Dimitri Hadzi, a sculptor and studio professor in visual and environmental studies at Harvard University's Carpenter Center, is another person who hopes Monti will succeed in establishing a thermal-burning school in Quincy.

Hadzi, who has had one-man shows in America and -Europe for more than 20 years, is especially noted for his bronze sculptures. His works appear in museums in many parts of the US. In recent years he has returned to his first love, stone. He is currently completing a colossal 250-ton, 40-foot-high fountain of granite and gabbro for Owens-Illinois in Toledo.

''I'd certainly like to help Ed Monti with that school in any way I can,'' Professor Hadzi says, ''because I see a great potential in the use of a tool like that, since granite is so difficult to work.''

The other reason for Hadzi's interest, he says, is that ''there seems to be a big revival in appreciation of granite. Suddenly people are much more aware of its beauty. More and more of it is being used in construction. Architects are using it for complete coverings of buildings, such as Philip -Johnson's AT&T building in New York.''

In sculpture, too, he says, ''I actually feel a reaction against minimal types of works. One senses sort of a return to raw materials. Granite is forever -- very permanent material. Unlike marble and limestone, it reacts very little to atmospheric pollution.''

Granite is challenging to sculptors, he says, just because of its ornery hardness. And granite has richness in color and textural interest. Sculptors, he says, enjoy mingling its handsome blacks, grays, and pinks, and contrasting its rough quarry-faced facets with highly polished surfaces.

From a strictly economic point of view, Professor Hadzi sees Monti's firey lance as a boon to sculptors because of the speed with which he can manipulate granite.

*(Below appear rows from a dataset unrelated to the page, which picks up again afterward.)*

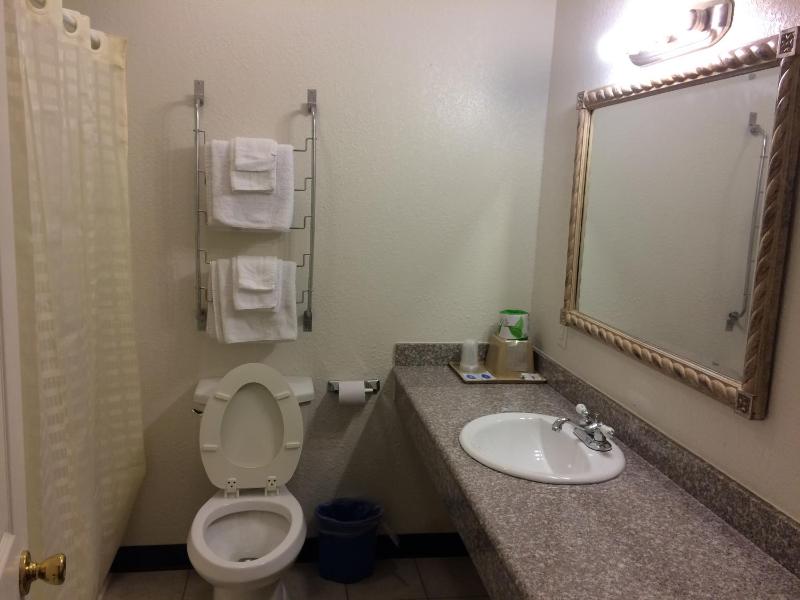 Standard Single Room with One King Bed image 2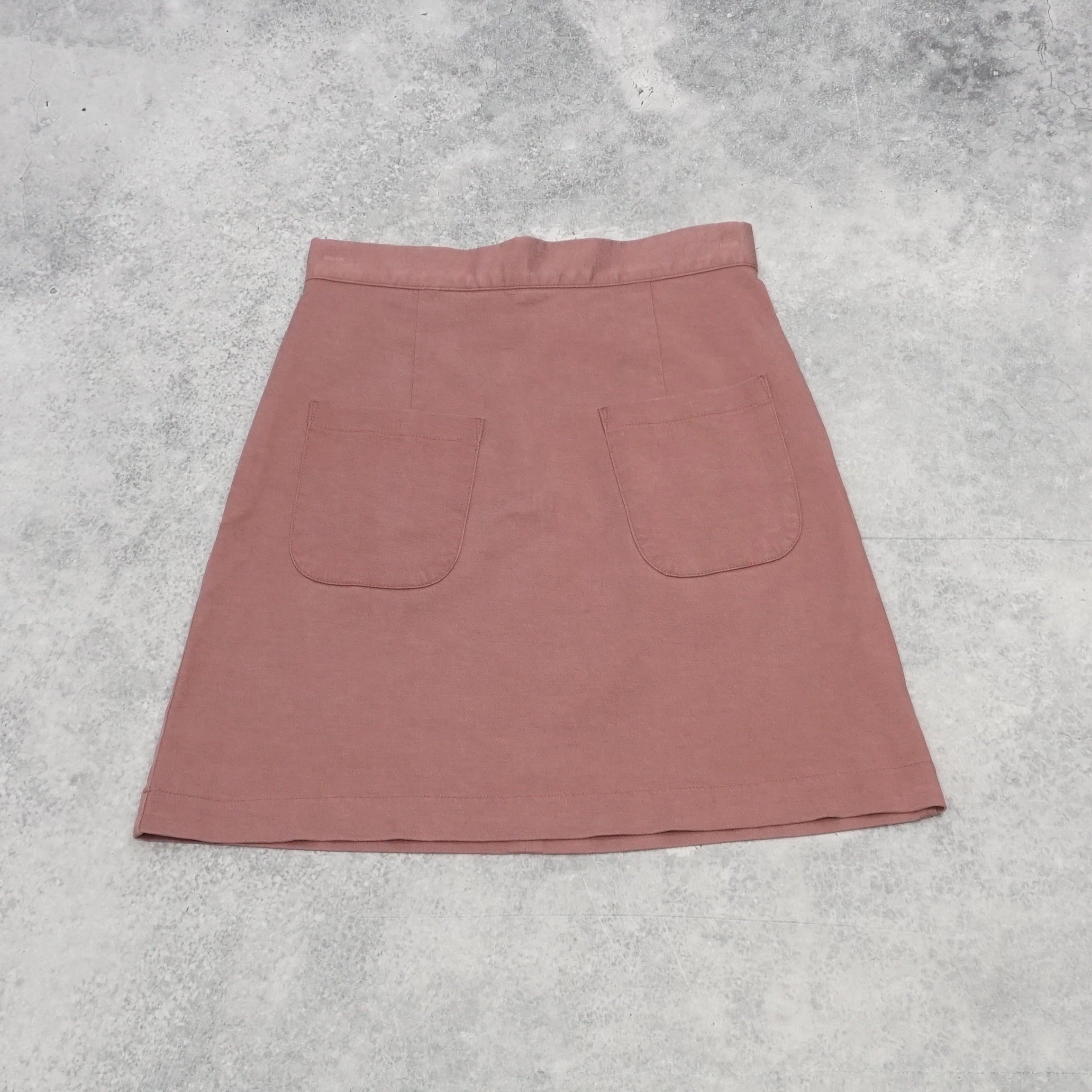 Kunny A-Line Pocket Mini Skirt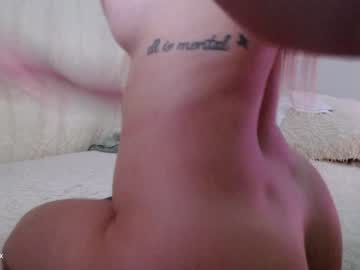 girl
        _arianalzate_ cam image #2168141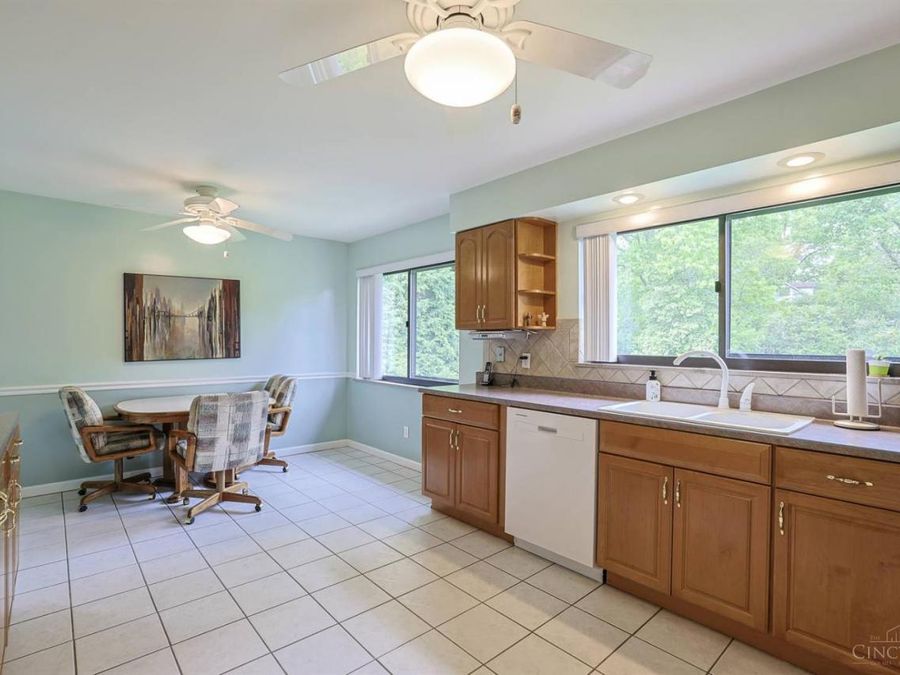 2110 Simbury Court, Cincinnati, OH 45224 Photo 11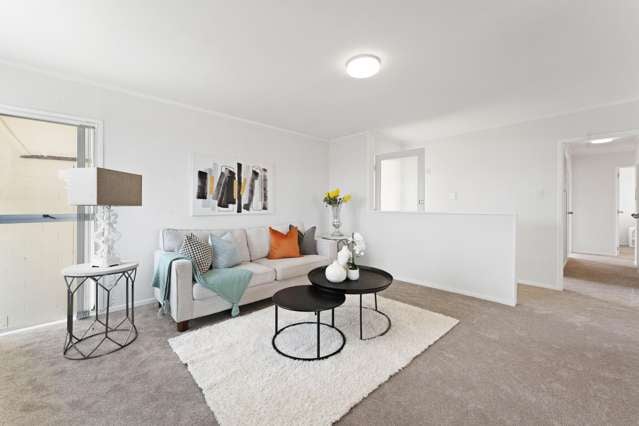 2/48 Archmillen Avenue Pakuranga Heights_3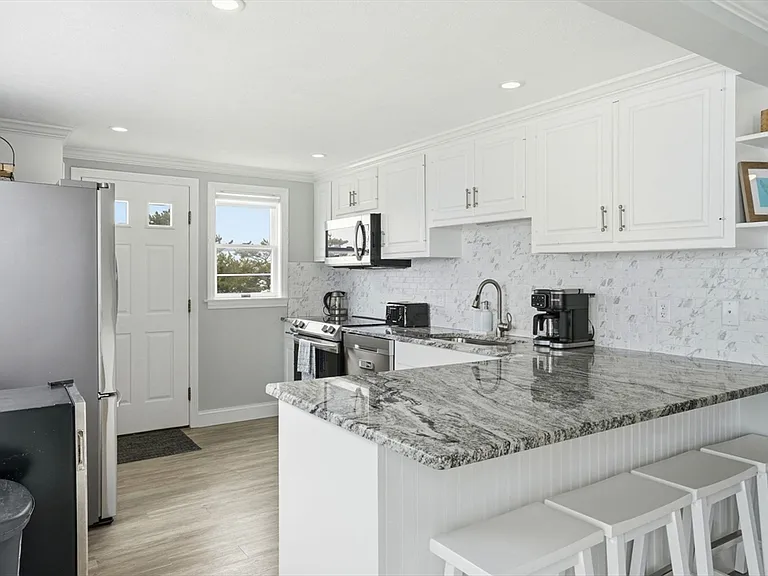 274 Central Ave — Photo 3
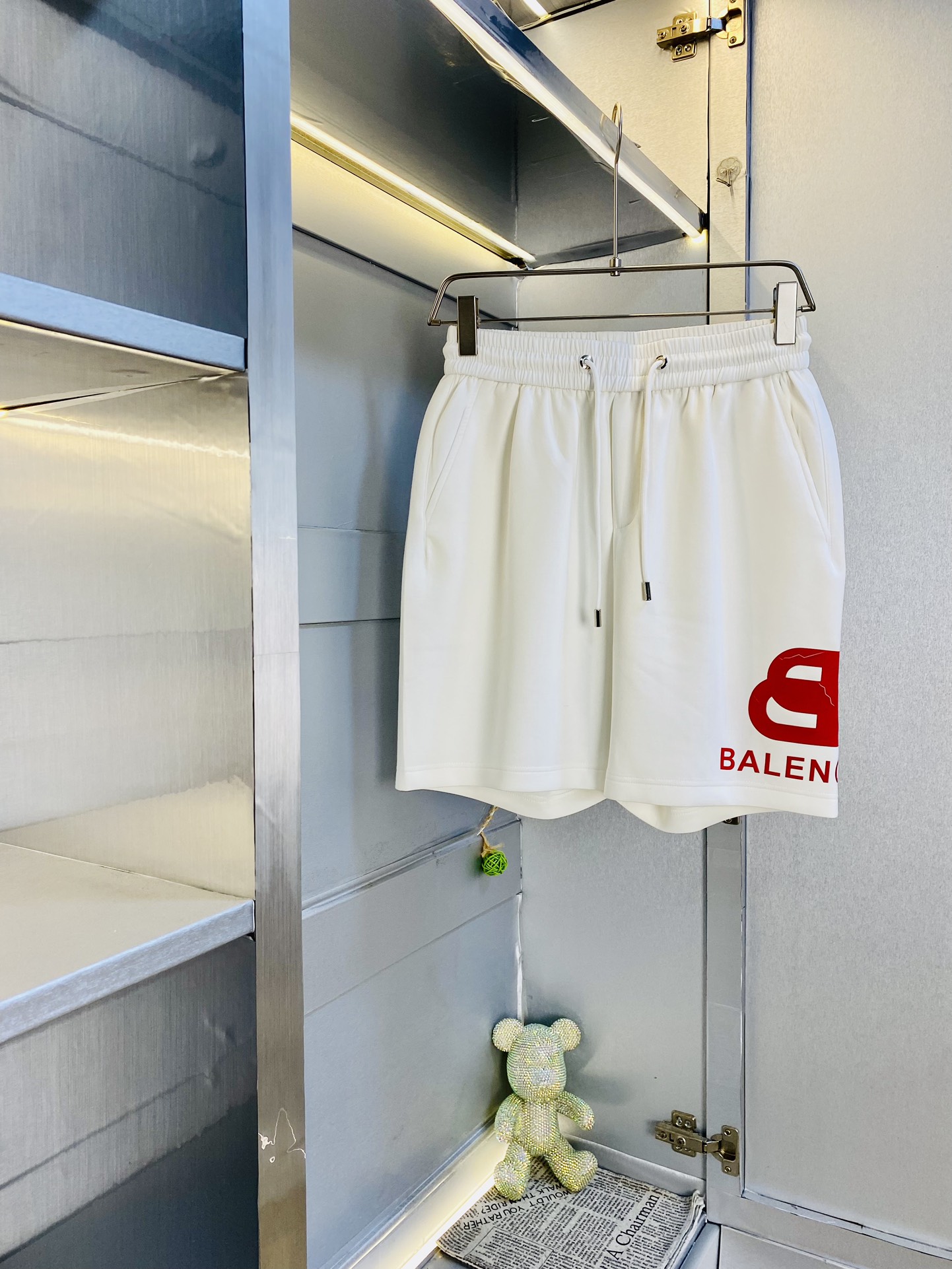 NO:510636,Gospel of Fatty Couple Style, 220 pounds to wear, Balenciaga, a big recommendation!  The latest version of the 2025 Spring and Summer must-have counter series of shorts, beach pants, five-quarter pants, casual pants, high-end customized original hardware. The upper body has super positive effect, the leg lines are fully demonstrated. The imported fabric is provided by all customers. The texture is tight and delicate. The upper body is very comfortable and stylish, and it is extremely practical and versatile, which is very worth buying!  Requested recommendations from old customers!  Number of codes: M-4XL, balenciaga, balenciaga, shorts, alexander wang19860909情侣款胖子福音 220斤可穿 巴黎世家Balenciaga 重磅推荐！2025春夏必备专柜系列最新款短裤沙滩裤五分裤休闲裤高端订制原版五金 上身效果超正,腿部线条完全得到彰显,全客供进口面料 纹理 紧致细腻,上身非常舒适有型,而且极为实穿百搭,非常值得入手！老客户必收推荐！ 码数:M-4XL,,balenciaga,balenciaga,shorts,alexander wang,Men's clothing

He says he is looking forward to working with Monti on a commission he has received for a sculpture to be erected in 1984 in Harvard Square. ''When you are doing a sculpture,'' the professor explains, ''there is so much material that you just have to keep taking away. I'll be working on a very tight budget myself on this job so that Monti would be a big help to me in eliminating much of the material and getting close to the form. The finishing, obviously, will have to be done by hand.''

One way to attract students to Monti's proposed school would be to bring his technique to the attention of teachers and students of sculpture around the world. He has submitted a proposal to the International Sculpture Center in Washington, D.C., to demonstrate his technique at the next International Sculpture Conference that the center sponsors each year in different parts of the world.

The center now is collecting ideas and proposals for this year's conference, scheduled Aug. 6-l5 in the San Francisco area. Decisions will be made by May. The center says Mr. Monti's proposal will be considered.

Professor Hadzi says he hopes such a performance can be arranged. ''In the meantime,'' he adds, 'I am just looking forward to a very happy collaborative future with Monti.''

Down in Scituate on Boston's South Shore, Marilyn Cahill is lyrical in her praise of the naturalistic series of waterfalls Monti has designed for her backyard.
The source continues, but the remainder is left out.